Even though he just graduated high school, he has already helped about 200 child laborers start learning to read and write.

“CEAP is a literacy program developed to help kids who are working during the daytime and who wouldn’t receive an education if they didn’t have a program such as CEAP,”

Valiani and his CEAP team founded a school in Karachi, Pakistan in 2014.

Valiani said volunteers charge middle income students a small fee to take various forms art classes.

Students learn visual arts, music, and theatre.

With those funds, CEAP can afford materials, snacks, and space so child laborers can learn for free.

Students learning to read through CEAP work through workbooks in both English and Urdu.
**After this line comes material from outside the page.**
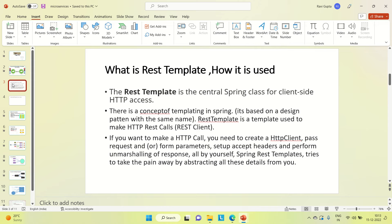If you want to make an HTTP call manually, you need to create an HTTP client, pass request or form parameters, set up access headers, and perform unmarshalling of the response all by yourself. But Spring provides the RestTemplate which wraps up all those things, taking away the pain from the developer. This is why it is very popular.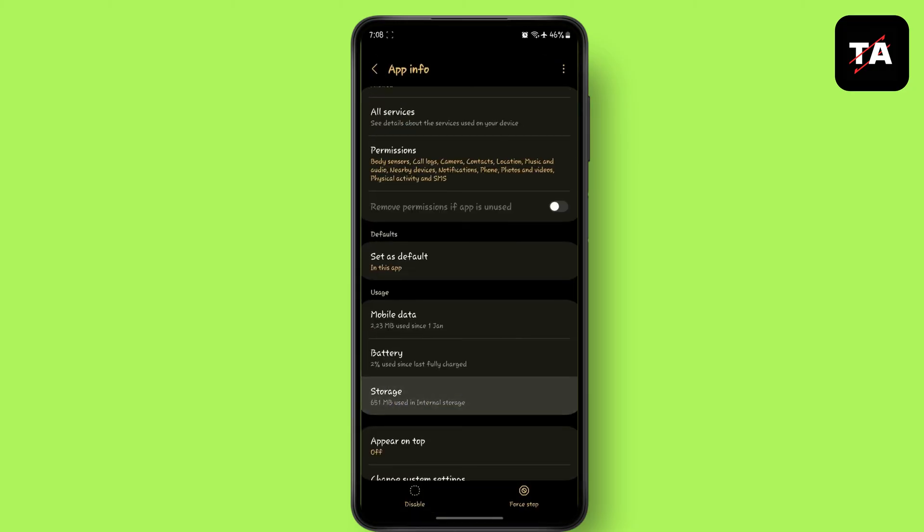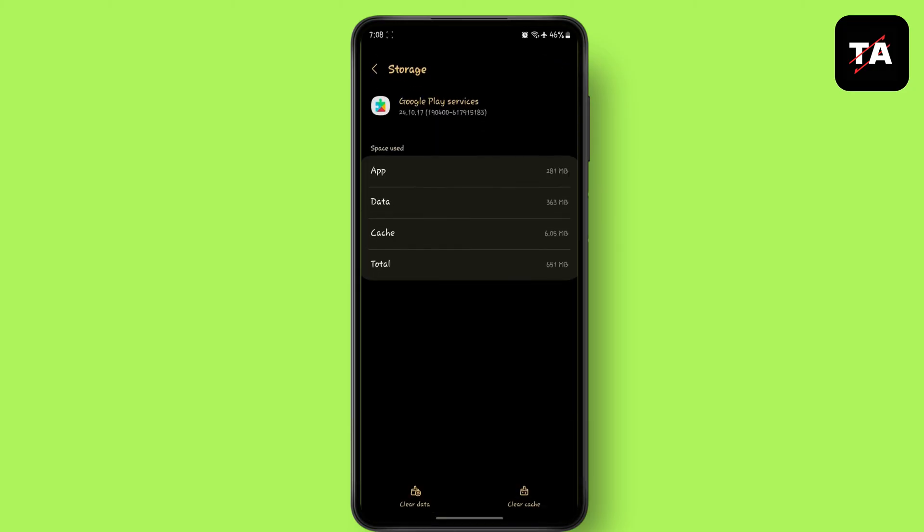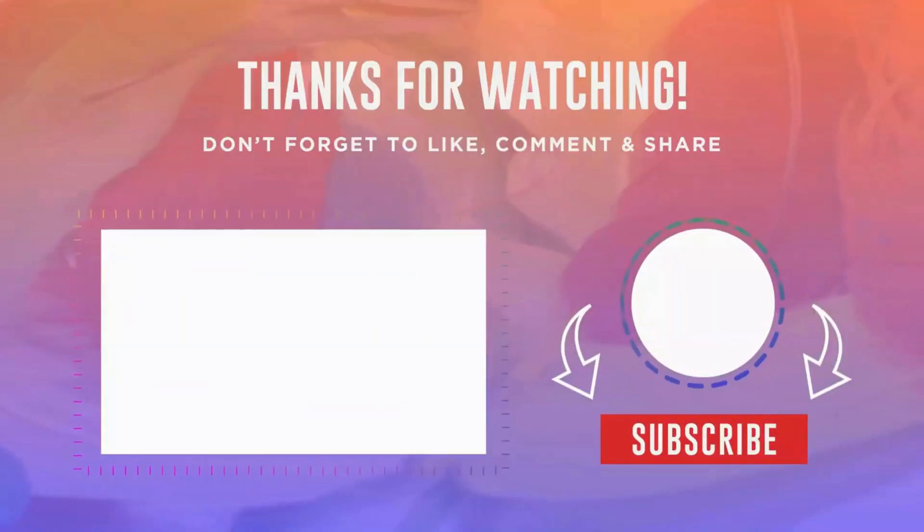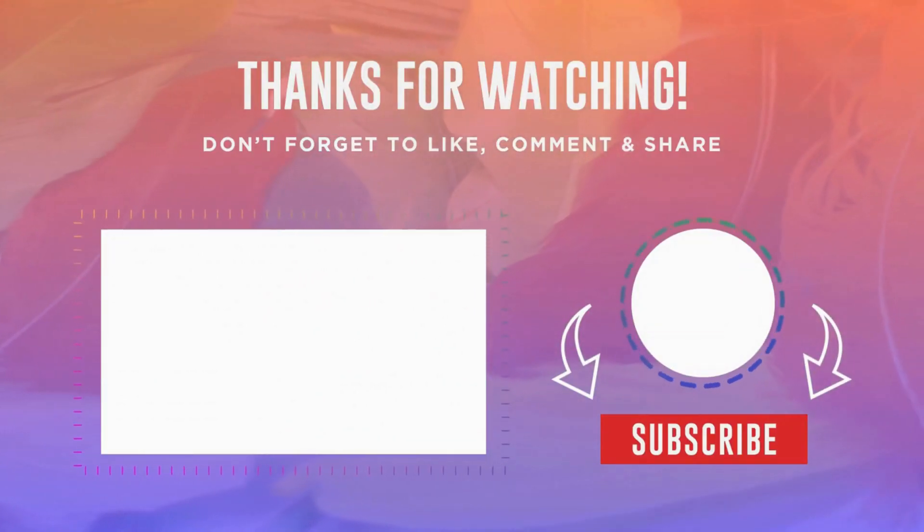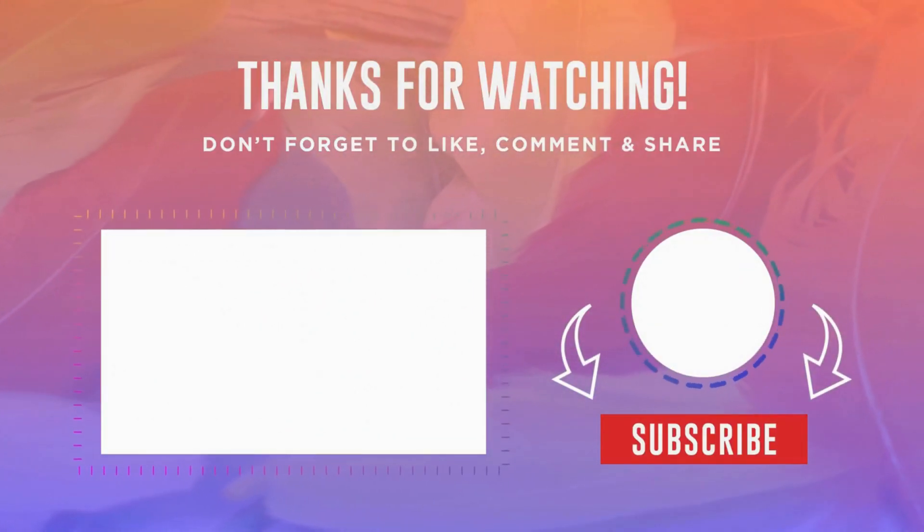This is how your problem is fixed. I hope you found this video helpful. Make sure to like share and subscribe to our channel. Thank you for watching.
This is just the start for Valiani and his teammates.

He said over the next two years, he plans to grow the program to teach internally displaced children.

That means children who are forced to move within the country due to conflict.

He said CEAP also hopes to educate children who are incarcerated.

He said that in Pakistan, many children go to jail when their mothers get arrested.

“They are kept in the jail with the mothers, and because of this, they don’t get an education if they do at all,” Valiani explained.

Valiani plans to attend the University of Pennsylvania in the fall but will also continue his CEAP efforts.

He said he feels compelled to help underprivileged children, because of the great life his parents built for him.

“If they took one misstep, I wouldn’t be where I am today. I’d be that slum boy that my father once was,” he said.

Valiani hopes to visit Pakistan again within the next year.